The man-hunter on the ledge flung a bullet against the protecting boulder. His laugh of cruel derision drifted across the canon.
“Run to earth at last, Ranse Roush!” he shouted, “I swore I’d camp on your trail till I got you—you an’ the rest of yore poison tribe.”
From the trapped wretch quavered back a protest.
“Goddlemighty, I ain’t done nothin’ to you-all. Lemme explain.”
“Before you do any explainin’ mebbe you’d better guess who it is that’s goin’ to send yore cowardly soul to hell inside of five minutes.”
“If you’re some kin to that gal on the hawss with me, why, I’ll tell you the honest-to-God truth. I was aimin’ to save her from the ’Paches when I got a chanct. Come on down an’ let’s we-uns talk it over reasonable.”
The boy laughed again, but there was something very far from mirth in the sound of that chill laughter. “If you won’t guess I’ll have to tell you Ever hear of the Clantons, Ranse Roush? I’m one of ’em. Now you know what chance you got to talk yoreself out of this thing.”
“I—I’m glad to meet up with you-all. I got to admit that the Roush clan is dirt mean. Tha’s why I broke away from ’em. Tha’s why I come out here. You Clantons is all right. I never did go in for this bushwhackin’ with Dave an’ Hugh. I never—”
“You’re a born liar like the rest of yore wolf tribe. You come out here because the country got too hot to hold you after what you did to ’Lindy Clanton. I might ‘a’ knowed I’d find you with the ’Paches. You allus was low-mixed Injun.” The boy had fallen into the hill vernacular to which he had been born. He was once more a tribal feudist of the border land.
“I swear I hadn’t a thing to do with that,” the man cried eagerly. “You shore done got that wrong. Dave an’ Hugh done that. They’re a bad lot. When I found out about ’Lindy Clanton I quarreled with ’em an’ we-all split up company. Tha’s the way of it.”
“You’re ce’tainly in bad luck then,” the boy shouted back tauntingly. “For I aim to stomp you out like I would a copperhead.” Very distinctly he added his explanation. “I’m ’Lindy Clanton’s brother.”
Roush begged for his life.

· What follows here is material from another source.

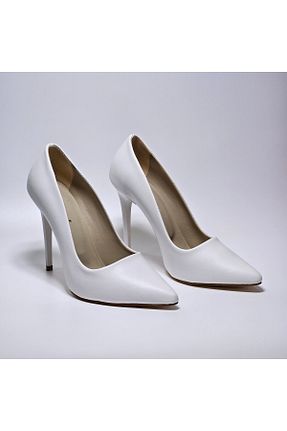 کفش استایلیتو سفید پاشنه نازک Registan Shoes - کد 917802282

He groveled in the dust. He promised to reform, to leave the country, to do anything that was asked of him.
“Go ahead. It’s meat an’ drink to me to hear a Roush whine. I got all day to this job, but I aim to do it thorough,” jeered Clanton.
A bullet flattened itself against the rock wall ten feet below the boy. In despair the man was shooting wildly with his revolver. He knew there was no use in pleading, that his day of judgment had come.
Young Clanton laughed in mockery. “Try again, Roush. You ain’t quite got the range.”